A recent U.S. Federal Trade Commission ruling will help move the proposed combination of Fairmount Santrol and Unimin Corp. a bit closer to completion, according to a statement from the buyer. The FTC approved an early termination of the waiting period under the Hart-Scott-Rodino Antitrust Improvements Act of 1976, an anti-trust regulation that requires merger parties to make a detailed case to the FTC and U.S. Dept. of Justice, and wait for those agencies to determine that their transaction will not adversely affect the market’s competitive balance.
Last December, Fairmount Santrol and Unimin Corp. (a subsidiary of SCR-Sibelco NV) announced a definitive agreement, potentially combining two of the largest suppliers of silica products to the metalcasting market.
The “tax-free, cash and stock transaction” will mean Fairmount shareholders will receive $170 million in cash (approximately $0.74/share) and will own 35% of the combined company. Sibelco will own the remaining 65%.
The combination is expected to be completed by midyear.
Sibelco will maintain separate ownership of Unimin's high-purity quartz business.
The combined company will supply industrial materials (e.g., foundry sand) and proppants (for hydraulic fracturing, or “fracking”) at an annual production capacity of approximately 45 million tons of sand and minerals.
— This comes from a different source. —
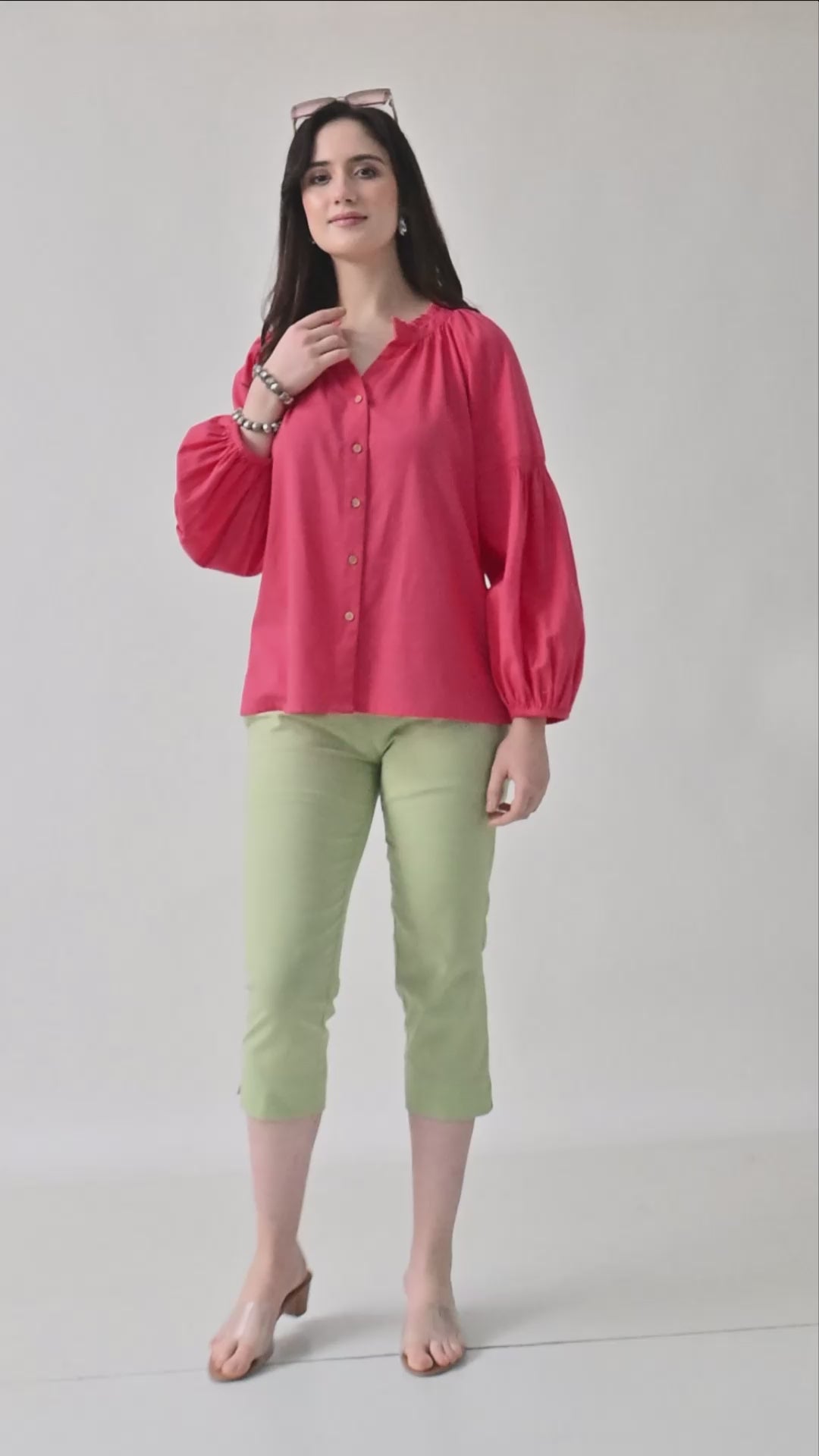 Pink Solid Top for Women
Their combined reserves are projected at more than 1.3 billion tons.
Jenniffer Deckard, the current CEO of Fairmount Santrol, is expected to serve as CEO and as a director of the combined company.
In a recent conference call with market analysts, Deckard stated that the merged organization will gain synergies by optimizing the individual companies' "asset footprints — including over 50 origin facilities, multiple rail lines and nearly 100 terminals — to drive substantial cost savings across thousands of potential origin-destination pairs."
Deckard is expected to serve as CEO and a director of the combined company.